Case Studies - Transforming Care

  • Case Study:


    Alarmed by the opioid crisis, the Chief Medical Officer of a health system asked his clinicians to reduce their use of opioids. Responding to this call to action, surgery teams used MDmetrix to examine their opioid usage and outcomes. Leveraging this real world data, the clinicians then used MDmetrix to drive rapid improvements in their protocols … and developed the first-ever opioid-free outpatient surgery center.
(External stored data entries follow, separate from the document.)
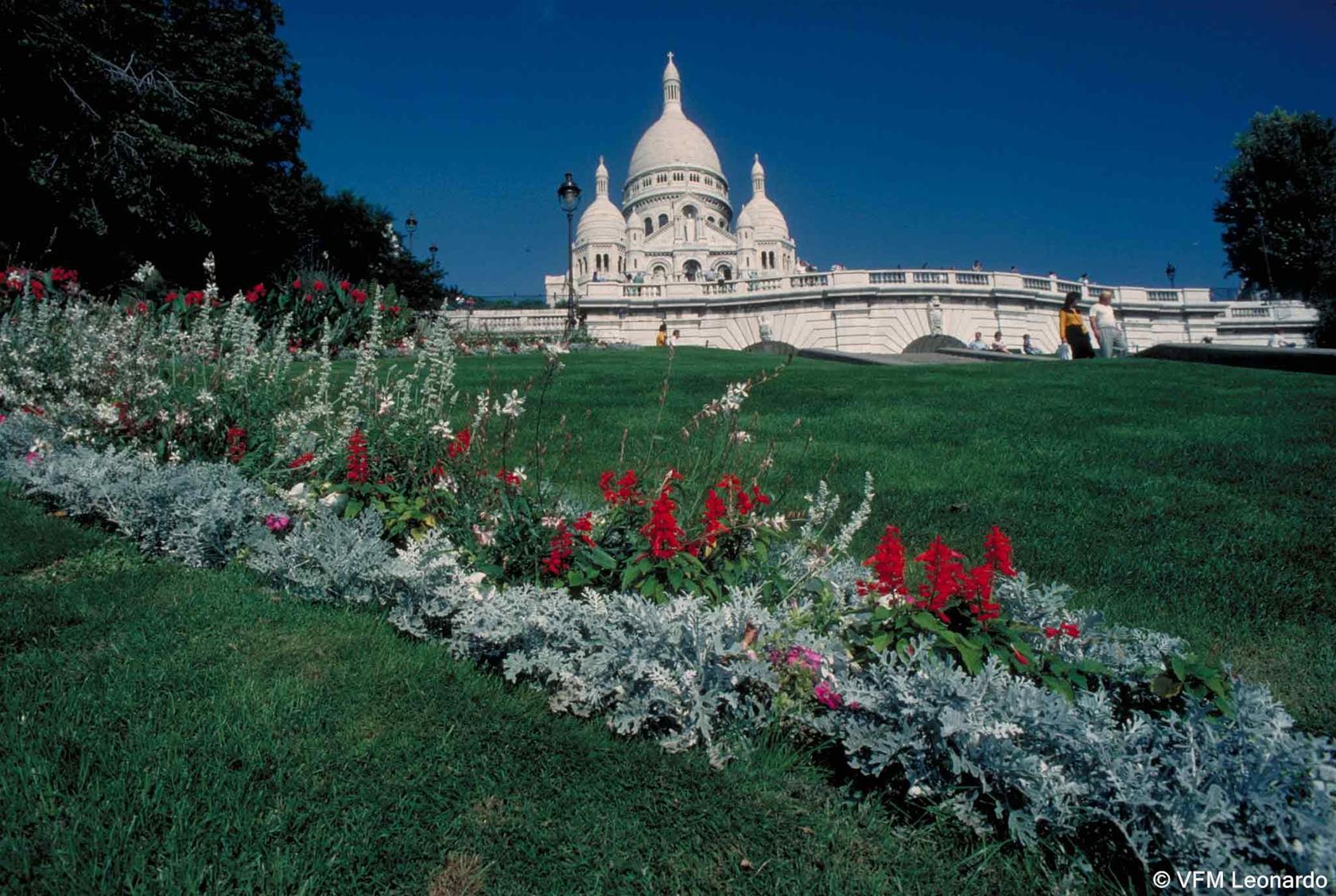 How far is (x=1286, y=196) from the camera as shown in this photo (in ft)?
155

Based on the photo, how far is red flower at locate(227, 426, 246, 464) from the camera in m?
5.14

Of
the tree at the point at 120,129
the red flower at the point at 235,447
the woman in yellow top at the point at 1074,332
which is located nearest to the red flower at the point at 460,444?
the red flower at the point at 235,447

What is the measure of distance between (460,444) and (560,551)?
105cm

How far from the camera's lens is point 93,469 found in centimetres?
478

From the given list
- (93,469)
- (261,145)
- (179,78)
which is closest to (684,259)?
(261,145)

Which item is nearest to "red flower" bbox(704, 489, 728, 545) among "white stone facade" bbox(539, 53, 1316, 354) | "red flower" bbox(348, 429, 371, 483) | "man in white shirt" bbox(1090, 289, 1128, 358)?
"red flower" bbox(348, 429, 371, 483)

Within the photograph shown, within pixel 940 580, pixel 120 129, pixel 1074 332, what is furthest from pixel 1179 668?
pixel 120 129

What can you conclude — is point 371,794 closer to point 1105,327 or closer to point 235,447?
point 235,447

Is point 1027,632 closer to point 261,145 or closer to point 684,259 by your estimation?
point 261,145

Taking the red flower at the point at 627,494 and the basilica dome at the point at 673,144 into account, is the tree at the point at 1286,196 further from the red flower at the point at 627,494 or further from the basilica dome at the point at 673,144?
the red flower at the point at 627,494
    Read more details on the Institute for Healthcare Improvement’s website.

  • Case Study:


    After a staff meeting, several GI experts gathered in a hospital breakroom. As the physicians discussed their cases, Dr. Michael, suggested that his technique for a high-volume procedure provided his patients with shorter lengths of stay. After listening, his colleagues disagreed, sure that their own techniques were best practice reflecting the state of the art. Following a friendly debate, another physician opened MDmetrix on her laptop to settle the question of “Michael versus the World.” In three minutes, the answer was clear: Dr. Michael was right; his technique resulted in not only shorter stays but also better outcomes across the board. Armed with this evidence, his colleagues switched to his improved technique — not only improving patient care, but also substantially reducing costs.

  • Case Study:


    A hospital asked its physicians to improve outcomes for key metrics across the hospital’s most common, and most carefully managed, surgery cases. Utilizing MDmetrix, the clinicians quickly identified opportunities to improve their protocols using real world data. Rather than simply implementing those changes, however, the physicians leveraged MDmetrix to iterate: they made protocol changes, and studied the results with MDmetrix a few weeks later … then made more protocol changes, and again studied the results with MDmetrix … then made more changes… Ultimately, this new paradigm of continuous, rapid improvement yielded dramatically better outcomes for the hospital’s patients, while saving substantial costs and freeing up ICU beds for additional cases.

  • Case Study:


    An experienced anesthesiologist, Dr. King-Wai, worked hard to stay abreast of the latest developments in his field, and he was confident that his TAP block for hernia repairs provided best-practice care. But, he was stuck using anecdotal methods to evaluate the effectiveness of his techniques; while he could call up a detailed EMR record for an individual patient, he had no practical way to examine outcomes across his many cases. With MDmetrix, Dr. King-Wai quickly used real-world data to assess his practice – in just two minutes, he compared his outcomes with results across his health system. To his surprise, Dr. King-Wai learned that his hernia patients were in fact suffering higher pain scores and longer stays than patients treated by his colleagues. So, Dr. King-Wai used MDmetrix to identify that Dr. Carmen had the best hernia results, and he observed and copied her alternative Ilioinguinal block technique. Now, Dr. King-Wai’s patients consistently experience lower pain and shorter stays, and Dr. King-Wai uses MDmetrix to continuously improve his practice.